DIRECTIONS:
Write out the records beneath this line exactly as they appear, minus any images.

[[ SUPPLIED RECORDS, beginning ]]

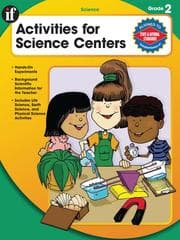 Tapa de Activities for Science Centers, Grade 2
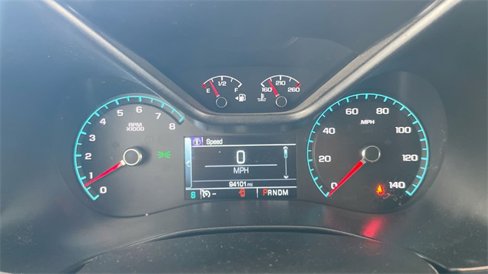 Used 2016 Chevrolet Colorado LT w/ LT Convenience Package image 39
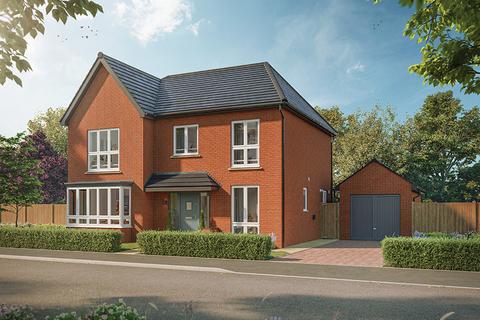 4 bedroom detached house for sale, Plot 161, The Maple at Redlands Grove, Wanborough Road SN3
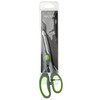 Nirosta 48133 Superschere mit Öffner Praktika 21cm in grau/grün/silber, Klinge:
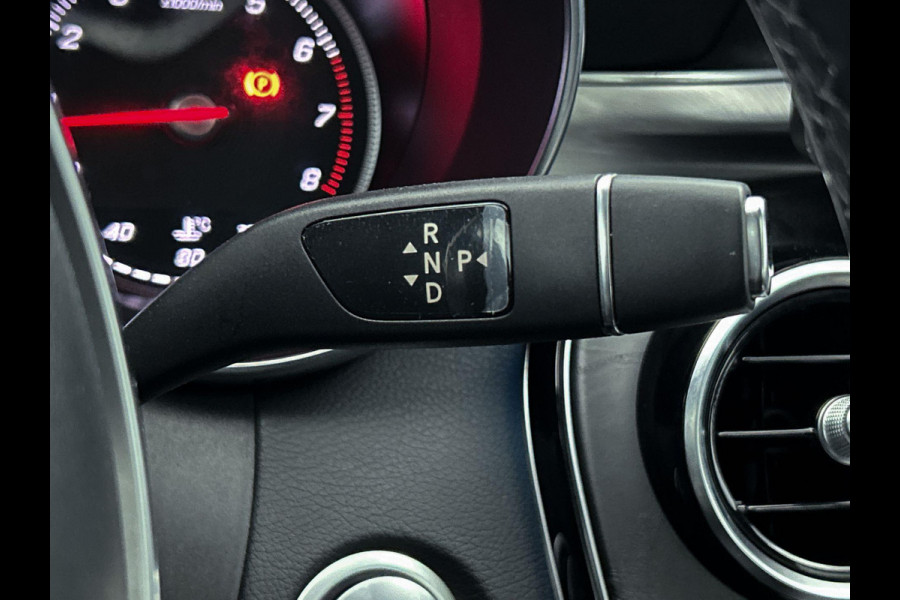 Mercedes-Benz C-Klasse 160 Sport Edition(NL-auto, Goed onderH, Panoramadak, Trekhaak, Carplay, Camera, Stoelv, Navi, Etc)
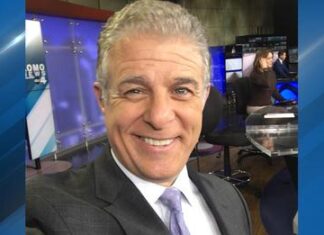 KOMO News Anchor Eric Johnson to retire in June after 39-year career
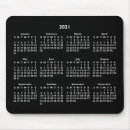 Search for solid black mousepads Plain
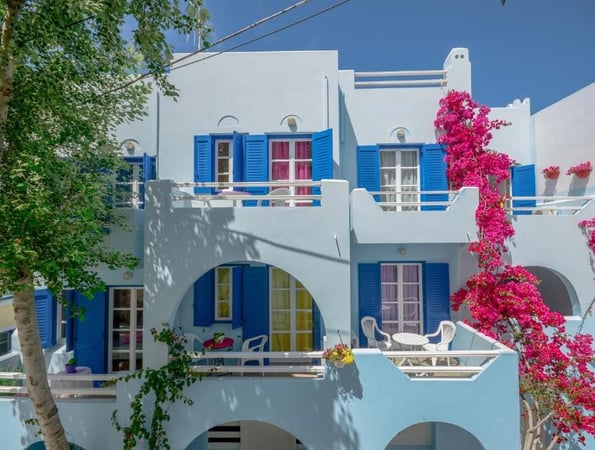 Celeste - Χώρα, Νάξος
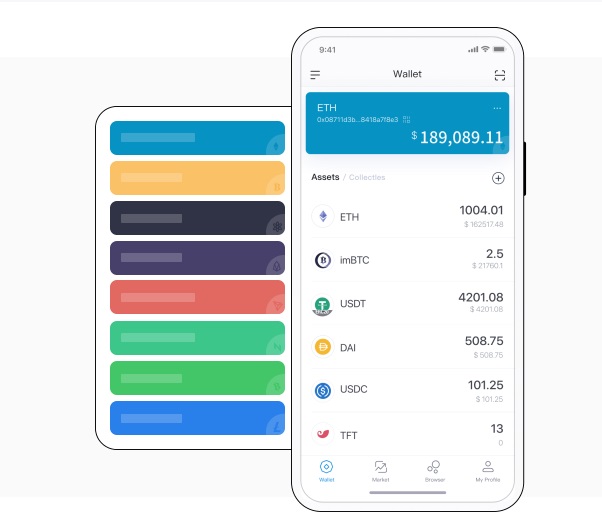 放imtoken钱包安详吗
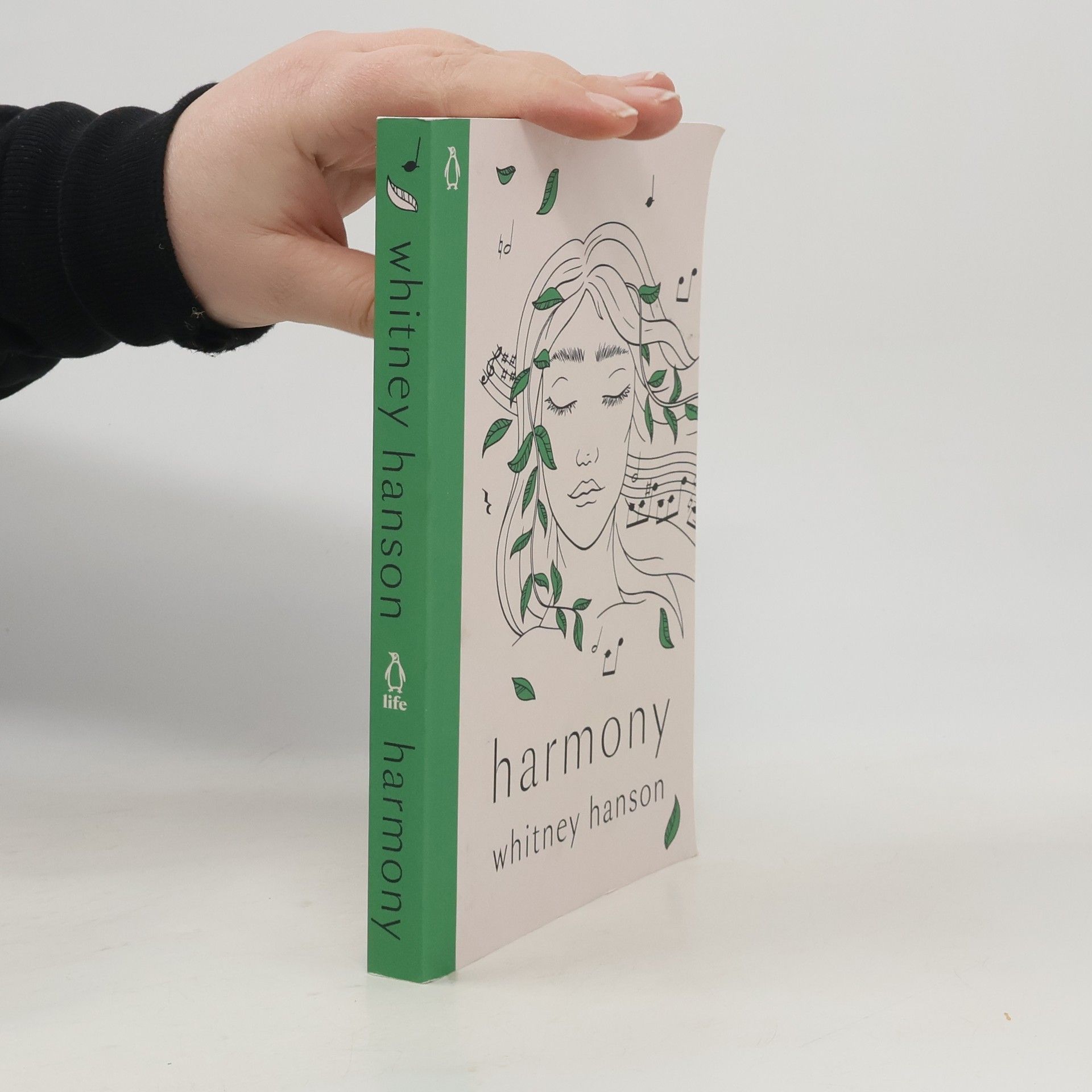 Whitney Hanson Harmony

[[ SUPPLIED RECORDS, end ]]

TASK RESPONSE:
 Tapa de Activities for Science Centers, Grade 2
 Used 2016 Chevrolet Colorado LT w/ LT Convenience Package image 39
 4 bedroom detached house for sale, Plot 161, The Maple at Redlands Grove, Wanborough Road SN3
 Nirosta 48133 Superschere mit Öffner Praktika 21cm in grau/grün/silber, Klinge:
 Mercedes-Benz C-Klasse 160 Sport Edition(NL-auto, Goed onderH, Panoramadak, Trekhaak, Carplay, Camera, Stoelv, Navi, Etc)
 KOMO News Anchor Eric Johnson to retire in June after 39-year career
 Search for solid black mousepads Plain
 Celeste - Χώρα, Νάξος
 放imtoken钱包安详吗
 Whitney Hanson Harmony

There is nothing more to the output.